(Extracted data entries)
BEGIN

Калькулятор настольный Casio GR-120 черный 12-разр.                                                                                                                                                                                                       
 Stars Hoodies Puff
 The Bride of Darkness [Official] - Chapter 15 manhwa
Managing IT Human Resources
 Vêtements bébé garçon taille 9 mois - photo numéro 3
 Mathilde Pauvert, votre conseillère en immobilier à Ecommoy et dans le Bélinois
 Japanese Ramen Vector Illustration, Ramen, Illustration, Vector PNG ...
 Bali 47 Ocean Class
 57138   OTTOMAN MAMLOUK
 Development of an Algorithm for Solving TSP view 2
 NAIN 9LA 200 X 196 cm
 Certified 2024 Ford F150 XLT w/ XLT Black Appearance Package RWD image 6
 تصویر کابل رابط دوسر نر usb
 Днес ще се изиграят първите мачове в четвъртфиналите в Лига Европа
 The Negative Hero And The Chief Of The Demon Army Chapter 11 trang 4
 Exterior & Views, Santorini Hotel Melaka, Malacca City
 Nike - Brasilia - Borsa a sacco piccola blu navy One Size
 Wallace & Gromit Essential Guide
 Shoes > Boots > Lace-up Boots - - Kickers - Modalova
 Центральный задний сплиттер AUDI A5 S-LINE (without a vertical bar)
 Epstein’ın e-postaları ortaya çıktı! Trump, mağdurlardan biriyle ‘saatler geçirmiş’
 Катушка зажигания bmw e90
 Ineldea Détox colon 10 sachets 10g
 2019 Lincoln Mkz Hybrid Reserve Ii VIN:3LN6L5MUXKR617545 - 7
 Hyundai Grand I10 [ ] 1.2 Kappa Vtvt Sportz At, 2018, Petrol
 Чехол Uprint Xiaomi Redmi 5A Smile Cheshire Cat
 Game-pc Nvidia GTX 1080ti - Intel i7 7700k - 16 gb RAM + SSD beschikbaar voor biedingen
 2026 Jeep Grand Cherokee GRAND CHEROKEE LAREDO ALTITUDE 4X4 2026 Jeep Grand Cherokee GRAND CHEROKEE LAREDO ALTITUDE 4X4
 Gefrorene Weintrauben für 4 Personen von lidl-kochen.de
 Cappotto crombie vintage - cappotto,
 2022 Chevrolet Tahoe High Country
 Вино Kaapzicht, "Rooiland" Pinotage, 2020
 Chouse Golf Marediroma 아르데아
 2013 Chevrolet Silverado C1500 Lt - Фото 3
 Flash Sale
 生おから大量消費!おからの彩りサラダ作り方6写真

END

> **Requirement**: Copy out the lines beginning at the one that contains "Epstein’ın e-postaları ortaya". Stop at the final line of the data, and include it.

> **Written reply**:
 Epstein’ın e-postaları ortaya çıktı! Trump, mağdurlardan biriyle ‘saatler geçirmiş’
 Катушка зажигания bmw e90
 Ineldea Détox colon 10 sachets 10g
 2019 Lincoln Mkz Hybrid Reserve Ii VIN:3LN6L5MUXKR617545 - 7
 Hyundai Grand I10 [ ] 1.2 Kappa Vtvt Sportz At, 2018, Petrol
 Чехол Uprint Xiaomi Redmi 5A Smile Cheshire Cat
 Game-pc Nvidia GTX 1080ti - Intel i7 7700k - 16 gb RAM + SSD beschikbaar voor biedingen
 2026 Jeep Grand Cherokee GRAND CHEROKEE LAREDO ALTITUDE 4X4 2026 Jeep Grand Cherokee GRAND CHEROKEE LAREDO ALTITUDE 4X4
 Gefrorene Weintrauben für 4 Personen von lidl-kochen.de
 Cappotto crombie vintage - cappotto,
 2022 Chevrolet Tahoe High Country
 Вино Kaapzicht, "Rooiland" Pinotage, 2020
 Chouse Golf Marediroma 아르데아
 2013 Chevrolet Silverado C1500 Lt - Фото 3
 Flash Sale
 生おから大量消費!おからの彩りサラダ作り方6写真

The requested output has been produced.